◆ **WHAT TO DO**: In the records below, find the line containing "[ACT Group] Webinar" and the line containing "Wences Rivas - Pobreza". Give again exactly those lines and every line between them, omitting the pictures.

--- START ---

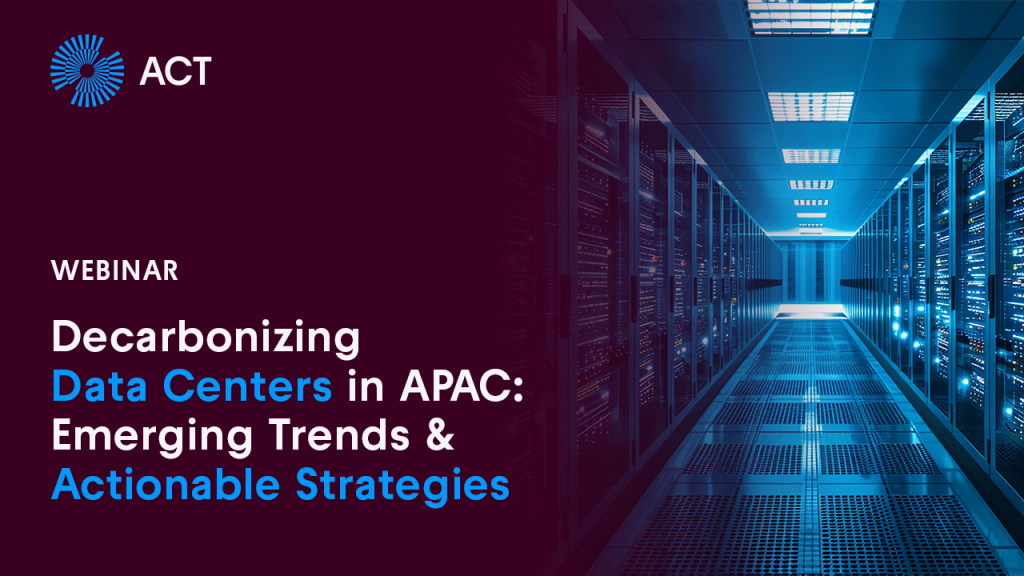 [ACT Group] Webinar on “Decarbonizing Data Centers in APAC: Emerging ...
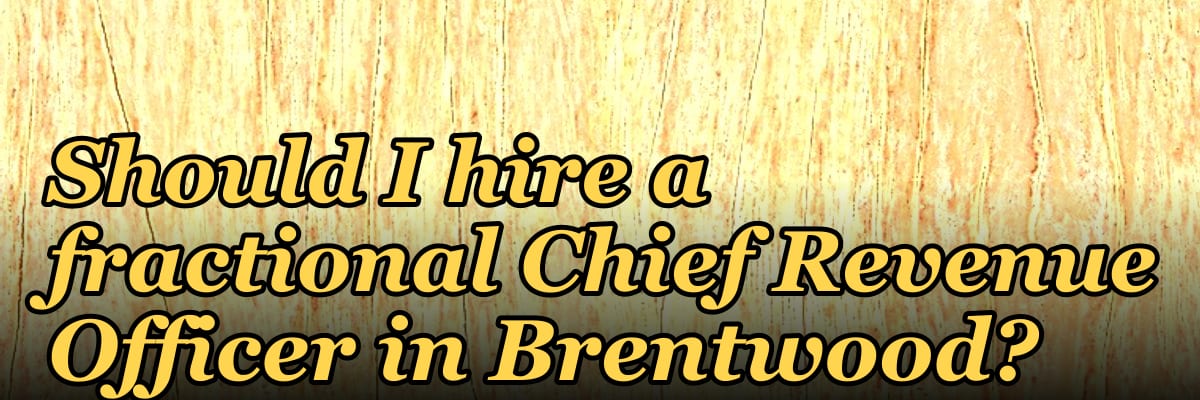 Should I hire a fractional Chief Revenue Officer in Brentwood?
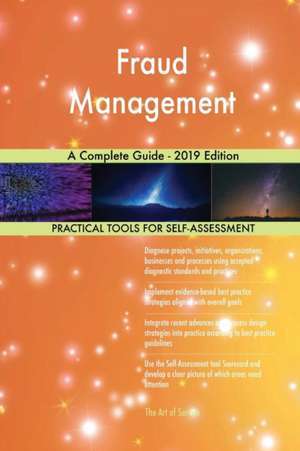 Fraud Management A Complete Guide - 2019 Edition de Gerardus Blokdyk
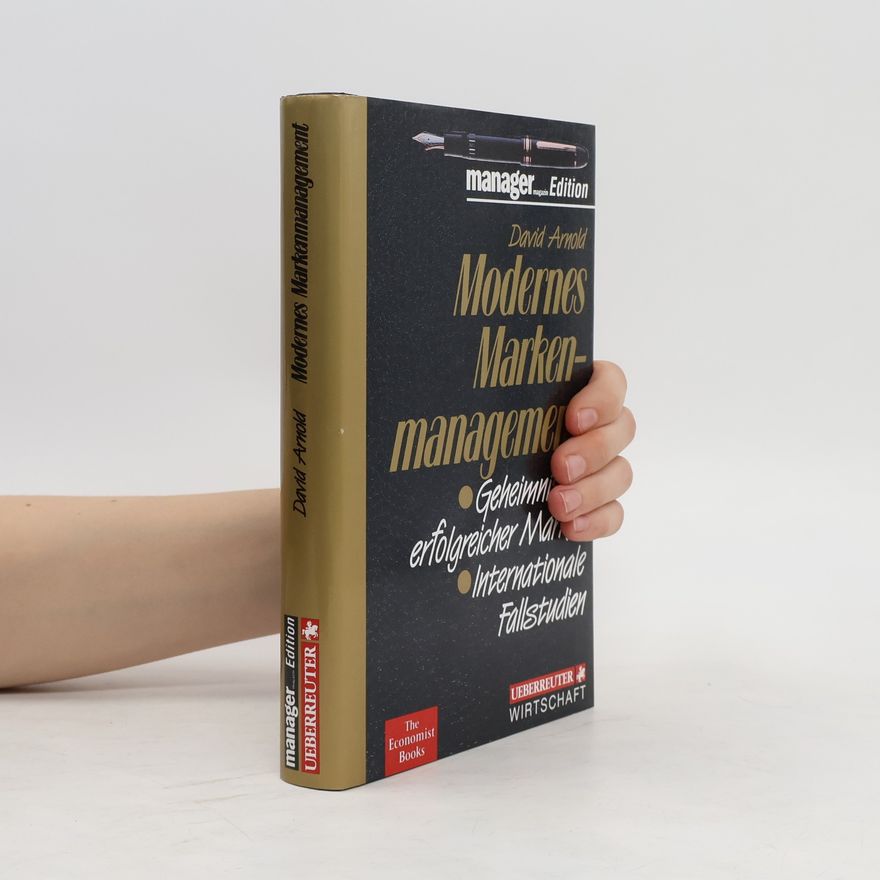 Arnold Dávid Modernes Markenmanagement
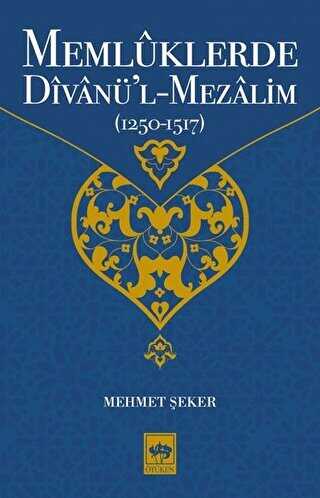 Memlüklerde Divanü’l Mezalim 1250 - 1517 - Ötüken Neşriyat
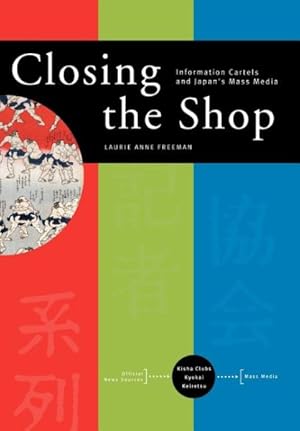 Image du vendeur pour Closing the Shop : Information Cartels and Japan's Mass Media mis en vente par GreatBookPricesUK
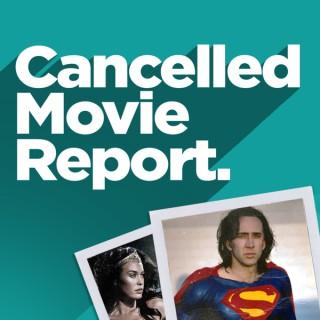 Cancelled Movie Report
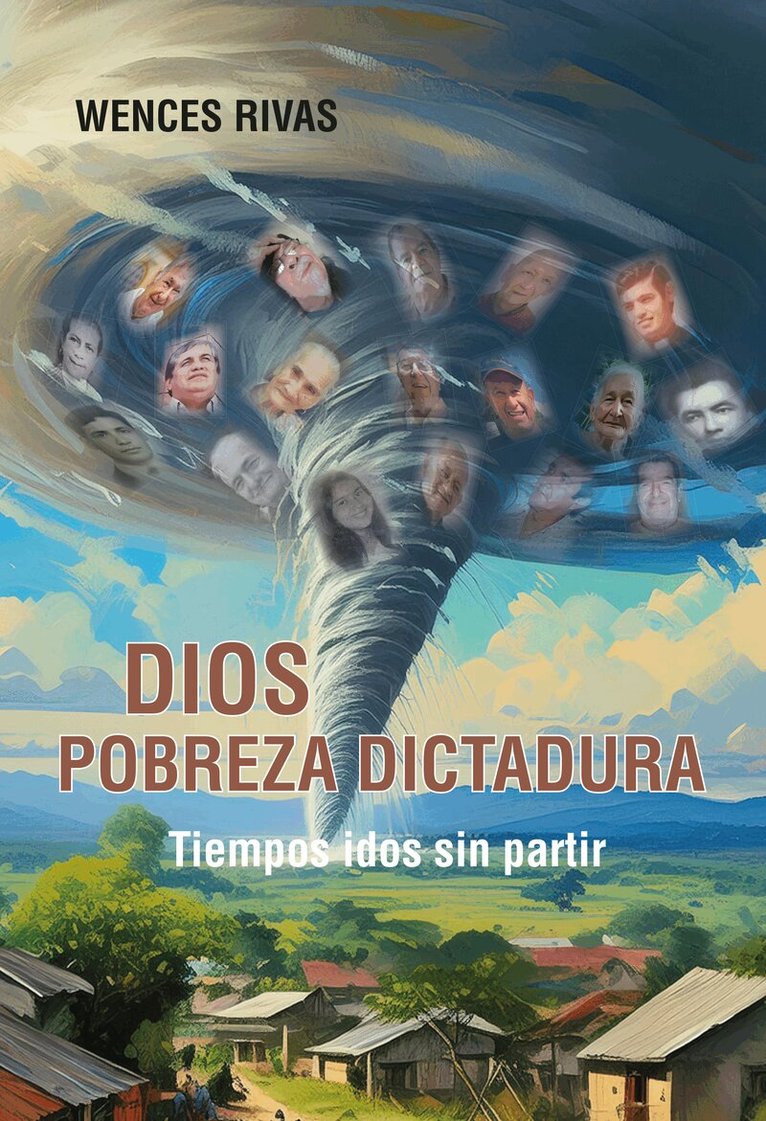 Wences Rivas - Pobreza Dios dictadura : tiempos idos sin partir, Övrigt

--- END ---
--- START ---

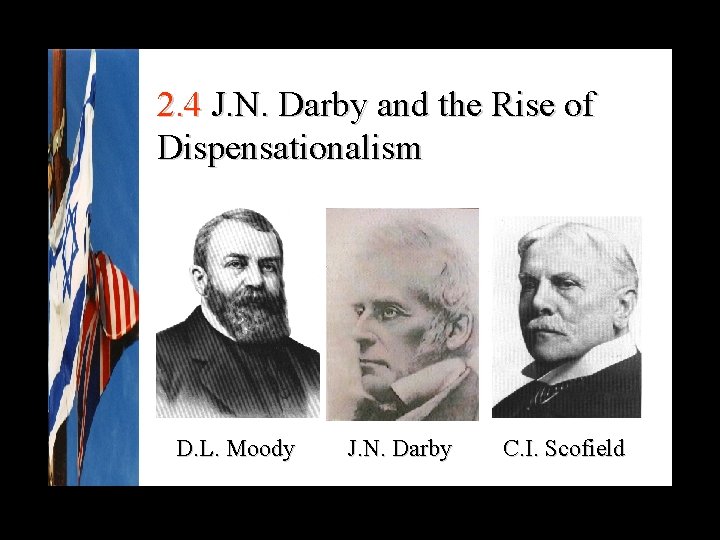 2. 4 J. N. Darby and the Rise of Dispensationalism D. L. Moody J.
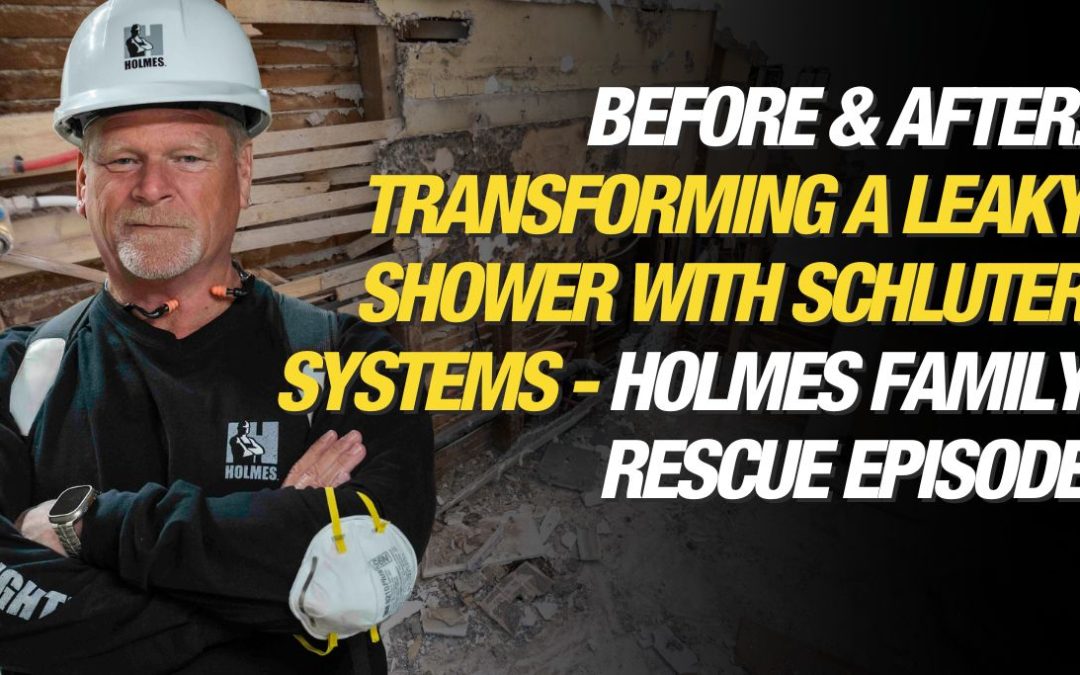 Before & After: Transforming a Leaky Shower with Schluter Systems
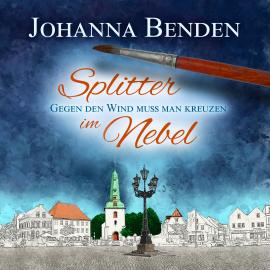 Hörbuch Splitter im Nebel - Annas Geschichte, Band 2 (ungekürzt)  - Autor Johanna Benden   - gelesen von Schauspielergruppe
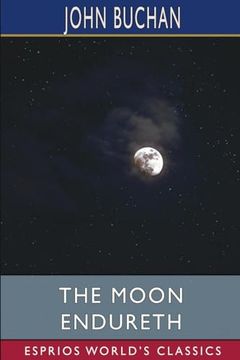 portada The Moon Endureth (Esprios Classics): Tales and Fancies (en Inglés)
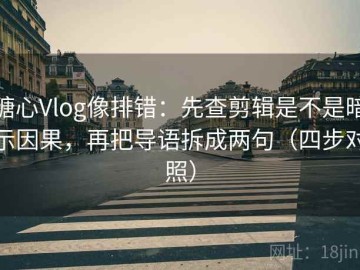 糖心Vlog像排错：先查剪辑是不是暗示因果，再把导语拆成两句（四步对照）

--- END ---

◆ **EXPECTED ANSWER**:
 [ACT Group] Webinar on “Decarbonizing Data Centers in APAC: Emerging ...
 Should I hire a fractional Chief Revenue Officer in Brentwood?
 Fraud Management A Complete Guide - 2019 Edition de Gerardus Blokdyk
 Arnold Dávid Modernes Markenmanagement
 Memlüklerde Divanü’l Mezalim 1250 - 1517 - Ötüken Neşriyat
 Image du vendeur pour Closing the Shop : Information Cartels and Japan's Mass Media mis en vente par GreatBookPricesUK
 Cancelled Movie Report
 Wences Rivas - Pobreza Dios dictadura : tiempos idos sin partir, Övrigt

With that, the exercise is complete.